Using np.histogramdd() generalises to the many-dimensional case. I provide my current solution in the 2D case below, with sample time-series data. I still need to refactor the code to allow for a many-dimensional analysis, based on additional timelags, as the example doesn't yet consider lagged time series $Y - \Delta$, $X-\Delta$ etc.

import numpy as np
import pandas as pd
from itertools import tee, islice, chain
from numpy import ma
import matplotlib.pyplot as plt
from mpl_toolkits.mplot3d import Axes3D


# Function to return midpoints of bins in any dimension
def get_midpoints(hist_bins):
    l_bound, u_bound = tee(hist_bins, 2)
    u_bound = chain(islice(u_bound, 1, None), [None])
    return [(i+j)/2 for i,j in zip(l_bound,u_bound) if j is not None]

# Dummy data
N = 1000
ix = np.arange(N)
sin = np.cos(2*np.pi*ix/float(N/2)).reshape(N,1)
cos = np.sin(2*np.pi*ix/float(N/2)).reshape(N,1)
columns = ['Y','X1']
df = pd.DataFrame(np.hstack((sin,cos)),columns=columns, index=ix)

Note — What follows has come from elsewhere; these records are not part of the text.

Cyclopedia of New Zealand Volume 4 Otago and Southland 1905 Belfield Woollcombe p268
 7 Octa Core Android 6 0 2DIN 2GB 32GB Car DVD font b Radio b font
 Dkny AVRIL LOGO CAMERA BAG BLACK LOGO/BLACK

# Split data into bins according to Sturges formula
y_bins = np.log2(len(df['Y']))+1
x_bins = np.log2(len(df['X1']))+1

# Create 2d histogram
Hist, [by, bx] = np.histogramdd((df['Y'],df['X1']),bins=(y_bins,x_bins), normed=False)

# Get midpoint of bins
midpoints_y = get_midpoints(by)
midpoints_x = get_midpoints(bx)

# Get width of bins
width_y = (np.max(midpoints_y) - np.min(midpoints_y))/len(midpoints_y)
width_x = (np.max(midpoints_x) - np.min(midpoints_y))/len(midpoints_x)

# PDF array across bins = area of histogram bin divided by total area (since bins equal size we can just use height)
p_xy = [[ Hist[y][x] for x in range(len(midpoints_x))] for y in range(len(midpoints_y)) ]
pdf = np.array(p_xy)/np.sum(p_xy) 


# Single entropy for each dimension H(X) = -sum(pdf(x) * log(pdf(x)))
H_Y = -np.sum( pdf.sum(axis=0) * ma.log2(pdf.sum(axis=0)).filled(0)) # Use masking to replace log(0) with 0
H_X1 = -np.sum( pdf.sum(axis=1) * ma.log2(pdf.sum(axis=1)).filled(0)) 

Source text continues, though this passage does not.